What are banks doing with your financial data?
银行如何处理你的财务数据?

Your transactions reveal a lot about you as a person — it could be valuable information | 银行和支付公司积累了大量有关客户金融行为的数据,这些数据的回报诱人。他们计划如何处理你的财务数据?安全吗?对此你能做些什么?
“To the 12,750 people who ordered a single takeaway on Valentine’s Day. You OK, hun?”
“致12750名在情人节点了一人份外卖的人。
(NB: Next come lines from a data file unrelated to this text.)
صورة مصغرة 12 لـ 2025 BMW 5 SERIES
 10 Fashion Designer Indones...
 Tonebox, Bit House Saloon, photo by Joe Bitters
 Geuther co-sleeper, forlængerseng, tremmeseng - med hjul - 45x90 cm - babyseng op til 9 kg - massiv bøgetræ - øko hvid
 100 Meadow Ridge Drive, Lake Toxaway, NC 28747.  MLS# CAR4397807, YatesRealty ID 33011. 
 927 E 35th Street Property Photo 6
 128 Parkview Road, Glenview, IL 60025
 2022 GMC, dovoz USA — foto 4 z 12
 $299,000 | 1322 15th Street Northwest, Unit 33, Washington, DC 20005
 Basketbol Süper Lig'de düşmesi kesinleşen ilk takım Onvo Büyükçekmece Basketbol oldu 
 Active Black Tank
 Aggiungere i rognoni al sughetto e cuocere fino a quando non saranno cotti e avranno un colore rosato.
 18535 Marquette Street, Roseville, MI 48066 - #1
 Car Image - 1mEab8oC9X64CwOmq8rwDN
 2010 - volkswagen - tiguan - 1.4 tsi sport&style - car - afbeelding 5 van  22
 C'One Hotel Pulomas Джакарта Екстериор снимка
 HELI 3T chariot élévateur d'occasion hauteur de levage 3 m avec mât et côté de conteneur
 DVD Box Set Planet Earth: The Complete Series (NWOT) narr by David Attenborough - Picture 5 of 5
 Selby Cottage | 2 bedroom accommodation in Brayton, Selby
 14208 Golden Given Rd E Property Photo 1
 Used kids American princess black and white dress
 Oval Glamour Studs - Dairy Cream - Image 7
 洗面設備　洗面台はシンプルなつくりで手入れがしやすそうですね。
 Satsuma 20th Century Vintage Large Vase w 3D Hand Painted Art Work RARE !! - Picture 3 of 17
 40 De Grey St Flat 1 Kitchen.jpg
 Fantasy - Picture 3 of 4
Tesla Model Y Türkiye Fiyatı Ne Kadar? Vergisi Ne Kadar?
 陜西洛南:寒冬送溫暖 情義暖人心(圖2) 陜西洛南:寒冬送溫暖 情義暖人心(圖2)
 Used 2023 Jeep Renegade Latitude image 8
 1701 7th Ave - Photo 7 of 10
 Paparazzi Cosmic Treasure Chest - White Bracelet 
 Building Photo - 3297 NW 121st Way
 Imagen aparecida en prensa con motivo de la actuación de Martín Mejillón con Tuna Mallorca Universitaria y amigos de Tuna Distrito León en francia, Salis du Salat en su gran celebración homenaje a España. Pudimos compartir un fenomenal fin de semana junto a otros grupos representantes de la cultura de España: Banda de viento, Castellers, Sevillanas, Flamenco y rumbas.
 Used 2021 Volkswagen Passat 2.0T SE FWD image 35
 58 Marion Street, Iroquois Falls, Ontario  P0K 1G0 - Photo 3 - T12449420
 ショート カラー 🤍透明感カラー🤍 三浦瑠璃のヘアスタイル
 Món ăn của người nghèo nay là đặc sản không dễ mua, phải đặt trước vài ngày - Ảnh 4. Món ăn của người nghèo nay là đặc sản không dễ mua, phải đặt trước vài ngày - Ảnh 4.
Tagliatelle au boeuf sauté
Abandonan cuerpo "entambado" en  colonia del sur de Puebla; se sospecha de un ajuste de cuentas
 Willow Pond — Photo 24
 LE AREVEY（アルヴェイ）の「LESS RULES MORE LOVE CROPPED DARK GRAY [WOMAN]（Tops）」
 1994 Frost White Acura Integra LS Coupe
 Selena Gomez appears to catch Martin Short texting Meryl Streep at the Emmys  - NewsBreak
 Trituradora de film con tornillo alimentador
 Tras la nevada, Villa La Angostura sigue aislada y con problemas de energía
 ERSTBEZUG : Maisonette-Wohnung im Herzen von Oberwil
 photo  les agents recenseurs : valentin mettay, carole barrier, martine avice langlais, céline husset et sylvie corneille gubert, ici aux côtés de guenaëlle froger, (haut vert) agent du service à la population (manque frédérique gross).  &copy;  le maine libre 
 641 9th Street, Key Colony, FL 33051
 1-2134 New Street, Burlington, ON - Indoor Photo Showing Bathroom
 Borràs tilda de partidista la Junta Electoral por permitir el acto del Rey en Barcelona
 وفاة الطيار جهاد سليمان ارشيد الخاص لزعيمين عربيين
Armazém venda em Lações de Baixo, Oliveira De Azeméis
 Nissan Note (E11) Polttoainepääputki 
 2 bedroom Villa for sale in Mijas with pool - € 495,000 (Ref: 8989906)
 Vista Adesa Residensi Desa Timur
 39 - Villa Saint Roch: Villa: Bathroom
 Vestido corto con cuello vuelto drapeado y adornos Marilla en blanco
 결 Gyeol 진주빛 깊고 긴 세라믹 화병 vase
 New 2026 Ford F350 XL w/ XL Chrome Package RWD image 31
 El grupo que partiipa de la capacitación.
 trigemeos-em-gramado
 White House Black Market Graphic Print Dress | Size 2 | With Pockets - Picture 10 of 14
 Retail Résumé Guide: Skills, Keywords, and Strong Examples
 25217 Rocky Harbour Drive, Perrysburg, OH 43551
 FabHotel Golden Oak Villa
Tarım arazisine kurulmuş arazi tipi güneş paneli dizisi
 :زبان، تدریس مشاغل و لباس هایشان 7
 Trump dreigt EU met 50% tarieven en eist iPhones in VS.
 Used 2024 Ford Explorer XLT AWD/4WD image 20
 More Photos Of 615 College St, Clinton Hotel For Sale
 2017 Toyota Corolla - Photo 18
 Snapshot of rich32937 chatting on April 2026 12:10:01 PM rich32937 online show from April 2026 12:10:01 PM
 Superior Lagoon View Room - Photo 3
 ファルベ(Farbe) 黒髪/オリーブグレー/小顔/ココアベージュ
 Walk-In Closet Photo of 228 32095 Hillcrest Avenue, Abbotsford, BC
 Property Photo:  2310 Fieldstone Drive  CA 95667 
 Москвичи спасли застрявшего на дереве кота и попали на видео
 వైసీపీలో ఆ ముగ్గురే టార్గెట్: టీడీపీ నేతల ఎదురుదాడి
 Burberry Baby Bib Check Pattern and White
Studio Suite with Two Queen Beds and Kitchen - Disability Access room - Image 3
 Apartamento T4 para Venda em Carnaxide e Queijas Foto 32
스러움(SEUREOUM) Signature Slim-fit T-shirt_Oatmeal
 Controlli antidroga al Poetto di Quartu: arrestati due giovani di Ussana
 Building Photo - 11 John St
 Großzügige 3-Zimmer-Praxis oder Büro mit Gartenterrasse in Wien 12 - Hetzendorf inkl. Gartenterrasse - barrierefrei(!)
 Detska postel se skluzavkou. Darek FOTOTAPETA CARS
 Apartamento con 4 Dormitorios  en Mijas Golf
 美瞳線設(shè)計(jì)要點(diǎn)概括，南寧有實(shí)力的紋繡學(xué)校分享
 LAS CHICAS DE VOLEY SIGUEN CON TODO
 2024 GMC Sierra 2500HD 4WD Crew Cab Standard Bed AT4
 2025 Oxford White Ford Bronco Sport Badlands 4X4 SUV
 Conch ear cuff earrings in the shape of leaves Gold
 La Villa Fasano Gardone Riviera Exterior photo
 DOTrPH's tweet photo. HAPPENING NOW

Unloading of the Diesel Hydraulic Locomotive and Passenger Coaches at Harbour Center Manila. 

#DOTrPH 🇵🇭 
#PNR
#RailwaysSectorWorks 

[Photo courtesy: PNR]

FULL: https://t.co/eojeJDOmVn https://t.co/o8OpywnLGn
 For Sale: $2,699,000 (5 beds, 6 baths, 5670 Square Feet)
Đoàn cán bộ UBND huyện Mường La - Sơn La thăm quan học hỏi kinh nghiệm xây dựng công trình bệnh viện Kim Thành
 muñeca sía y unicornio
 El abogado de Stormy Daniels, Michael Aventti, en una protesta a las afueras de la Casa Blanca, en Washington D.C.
你还好吗,嗯?”
Stuck up on London underground trains by Revolut in 2019, the damning question was the fintech’s tongue-in-cheek attempt to show off its close relationship with customers.
2019年,Revolut在伦敦地铁列车上打出了这一令人震惊的问题,这家金融科技公司试图用开玩笑的方式展示自己与客户的亲密关系。
The ad sparked a backlash, with many taking to social media to call out not only its patronising, “single-shaming” tone, but the fact that Revolut’s private bank transaction data could be so casually publicised.
这则广告引发了强烈反弹,许多人在社交媒体上大肆挞伐,不仅指责其颐指气使、“羞辱单身”的语气,还指责Revolut的私人银行交易数据可以如此随意地公开。
The PR disaster serves as a cautionary tale of the sensitivities around customer data in financial services, where trust and privacy are paramount to the client relationship.
这场公关灾难警示了金融服务中客户数据的敏感性,在金融服务中,信任和隐私对客户关系至关重要。
Banks and payment companies have amassed a trove of data about clients’ financial behaviour, the rewards of which are too tempting to overlook.
银行和支付公司积累了大量有关客户金融行为的数据,这些数据的回报太诱人了,让人难以忽视。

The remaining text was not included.